C'est rideau de fumée. C'est le type même de ce qu'on appelle la guerre hybride. La guerre hybride, c'est une guerre qui se mène par des moyens non-militaires et dans laquelle personne ne la déclare. Personne ne dit, oui, je vous attaque. Et la Russie est championne de la guerre hybride par la désinformation, par les cyberattaques. Et maintenant, par la manipulation, l'instrumentalisation de flux migratoires qui sont créés de toutes pièces. Parce que ce n'est pas comparable à ce qui s'est passé, par exemple, avec les réfugiés syriens. D'abord, nous ne savons pas si ces malheureux qui sont dans le froid, sont des réfugiés, sont des migrants ou sont des gens qui nous sont envoyés. Moi, je suis quand même troublée du fait que certains ont décollé de l'aéroport de Damas, encadrés par l'armée syrienne. Donc, nous ne savons pas qui c'est. C'est sans précédent, parce qu'on n'arrive pas spontanément en Biélorussie quand on vient de ces pays-là. Et c'est ces personnes qui veulent entrer en Europe. Elles ne veulent évidemment pas rester dans un pays qui est une prison à ciel ouvert et qui est la Biélorussie.

Comment sanctionner la Biélorussie sans accabler le peuple bélarusse ?

Il faut tout simplement que le président Loukachenko arrête cette manipulation. C'est à lui de ne pas accabler son peuple. C'est à lui de comprendre le message qui doit être très ferme qui va être adressé par l'Union européenne. Dans le même temps, l'Union européenne passe des messages aux pays d'origine de ces migrants pour décrire ce qui se passe et pour leur dire surtout, n'y allez pas, vous êtes en train de vous faire manipuler. Cela avait commencé avec l'Irak cet été. Déjà, l'Union européenne avait passé un message très clair à l'Irak pour que les vols cessent et ils avaient cessé pendant un certain temps.

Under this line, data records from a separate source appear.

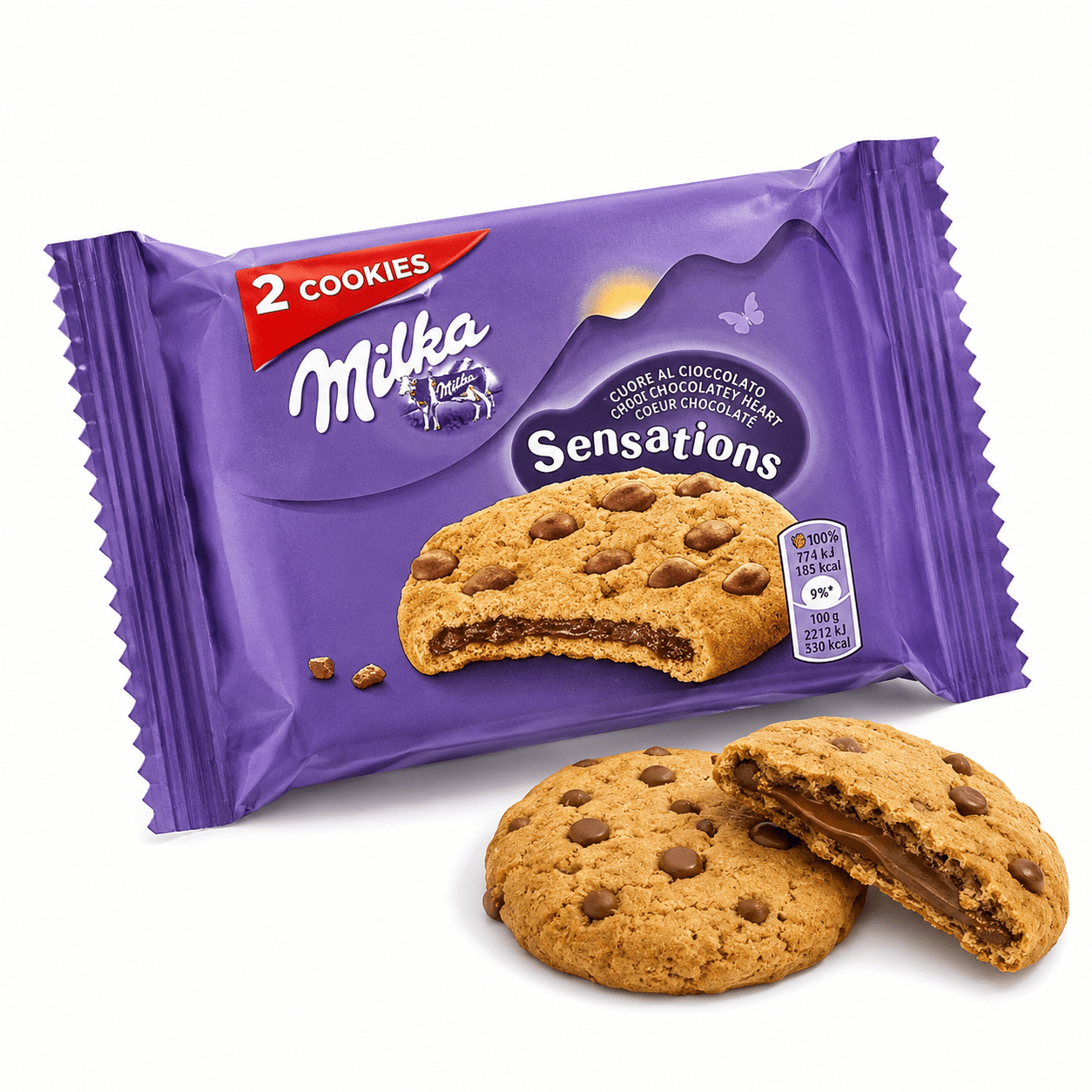 Mondelez International Milka Sensations Biscotti Ripieni al Cioccolato – Box 24 Confezioni da 2 Cookies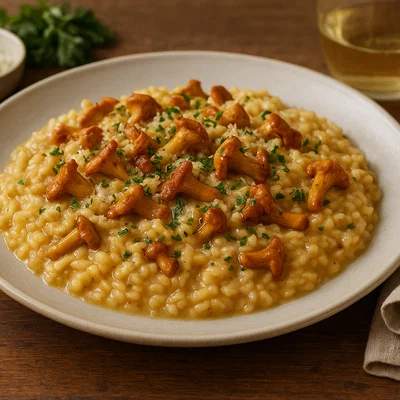 Cremiges Pfifferling-Risotto mit Weißwein und Parmesan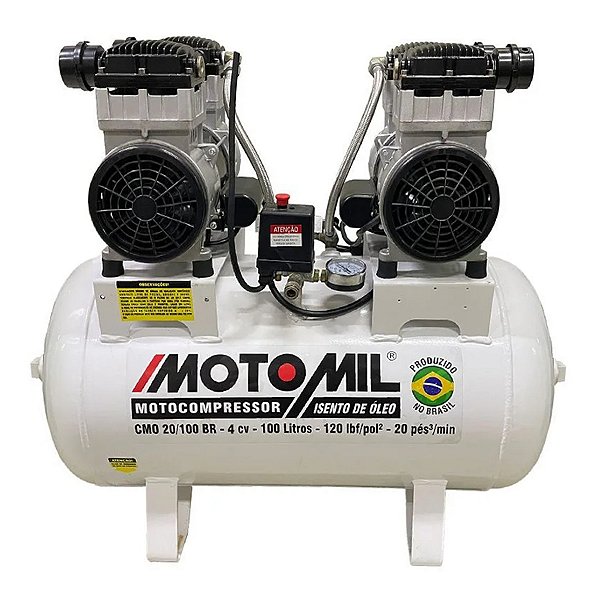 Motocompressor Motomil CMO 20/100 - 100L 120psi - 220V - Silencioso e Isento de Oleo (46691.0)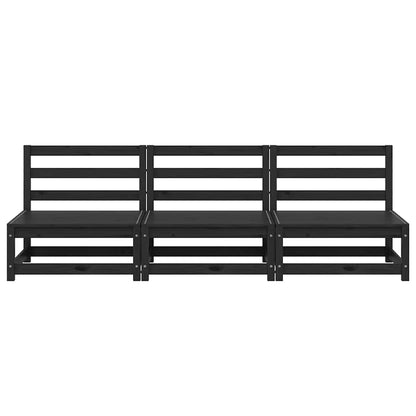 Divani Centrali Giardino 3 pz in Massello di Pino Nero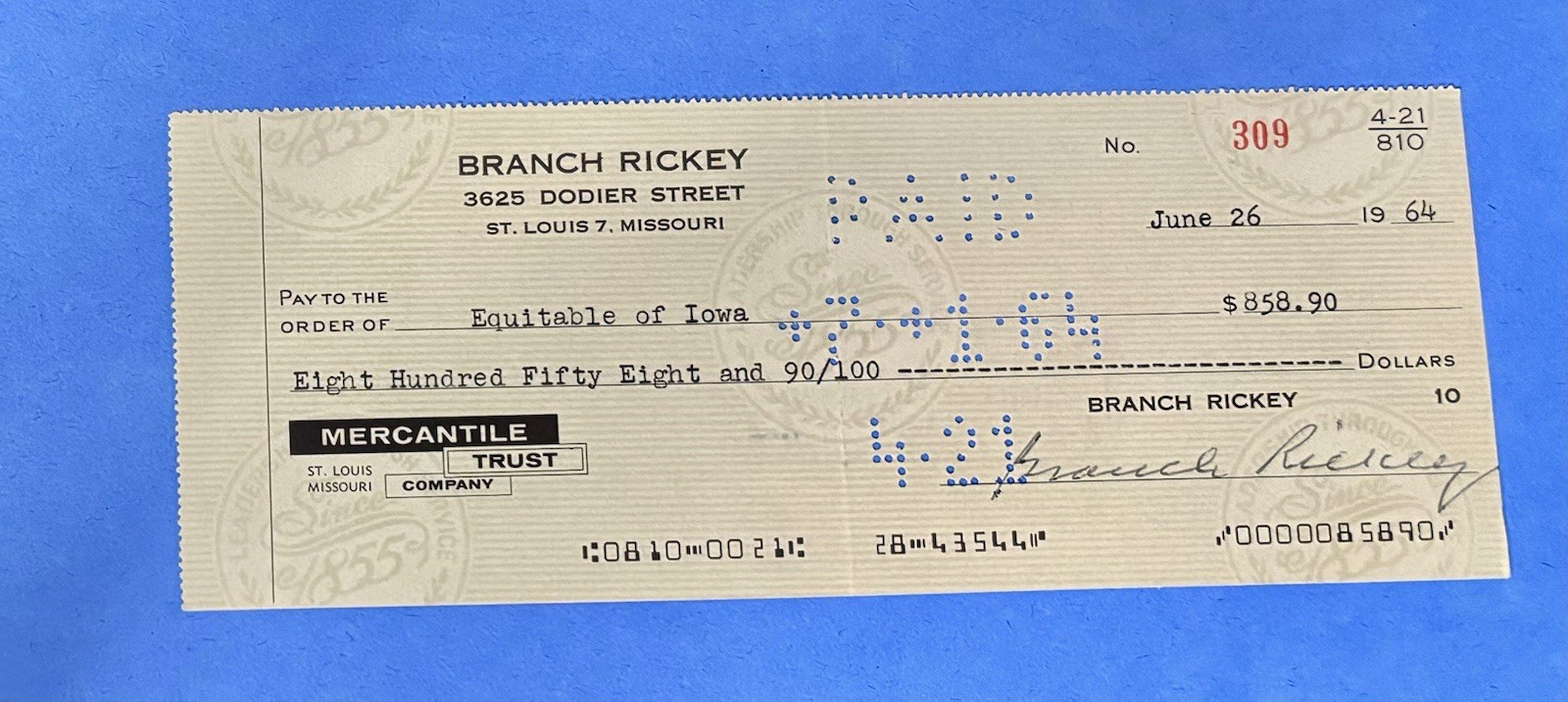 Branch Rickey SIGNED AUTOGRAPH CHECK Brooklyn Dodgers 🔥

Et puis, il y a une autre urgence qui est l'urgence humanitaire. Parce qu'il y a des hommes, des femmes et des enfants qui sont littéralement en train de mourir de froid dans un endroit épouvantable. Il faut que le Haut Commissariat aux réfugiés puisse y avoir accès, puisse leur venir en aide. Je ne dis pas qu'il faut que nous ouvrions nos portes. Il faut que nous fassions pour ceux qui relèvent véritablement du statut de réfugiés. Et je ne sais pas s'il y en a. Mais il faut que ces personnes soient secourues. Il faut que l'on puisse savoir de qui il s'agit. Savoir aussi s'il y en a qui présentent des risques de sécurité parce que c'est aussi la responsabilité de l'Europe. Et puis, ceux qui essayaient simplement d'entrer illégalement en Europe, qu'ils soient raccompagner chez eux, mais le tout humainement et dignement.